How Many Valence Electrons Does Carbon (C) Have? [Valency of Carbon]

How Many Valence Electrons Does Carbon (C) Have? [Valency of Carbon]

Carbon, a chemical element with the symbol C and atomic number 6, is a non-metallic element with different appearance means graphite has a black, metallic appearance while diamond has a clear appearance. Carbon has three naturally occurring isotopes: 12C & 13C (stable), and 14C (radioactive).

Carbon is the fourth most abundant element in the universe after hydrogen, helium, and oxygen. Mostly it is found in the form of organic compounds, and with combine with air in the form of carbon dioxide (CO2). The carbon atoms can bond together in diverse forms which result in the formation of different allotropes. Graphite, diamond, and buckminsterfullerene are the best-known allotropes of carbon.
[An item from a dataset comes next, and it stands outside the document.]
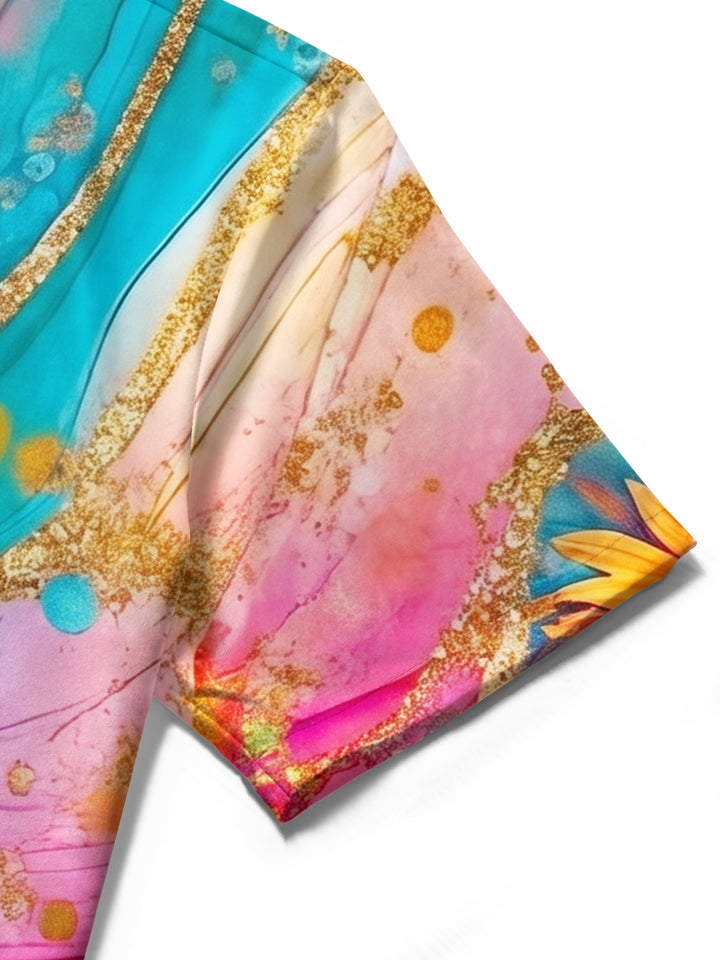 Art Watercolor Colorful Gradient Gold Tropical Abstract Flowers Women's Short Sleeve Shirts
You are here to know valence electrons of carbon atom, aren’t you? Don’t worry along with carbon valence electrons we will explain its valency also. But before that let’s have some basic ideas about what these two terms are:

Difference Between Valence Electrons and Valency

Valence electrons are the total number of electrons present in the outermost shell of an atom (i.e. in outermost orbital). The valence electrons for a neutral atom is always definite, it cannot be varied (more or less) in any condition for a particular atom and may or may not be equal to its valency.

Carbon valence electrons

Valency is defined as the total number of electrons an atom can lose, gain, or share at the time of bond formation to get a stable electronic configuration i.e. to complete an octet. The valency of an atom can be variable in different compounds or chemical reactions due to the different bonding circumstances. Most of the time valency varies/changes due to change in oxidation and reduction states.

Carbon (C) Valence Electrons

There are four simple steps to find out the valence electrons for carbon atom which are:

Step 1: Find the Atomic Number

Carbon valence electrons

To find out the atomic number of carbon, we can use the periodic table. With the help of the periodic table, we can easily see that the atomic number of carbon is 6. As its atomic number is 6, it has six protons, and for neutral carbon, the number of protons are always equal to the number of electrons i.e. has six electrons in its nucleus.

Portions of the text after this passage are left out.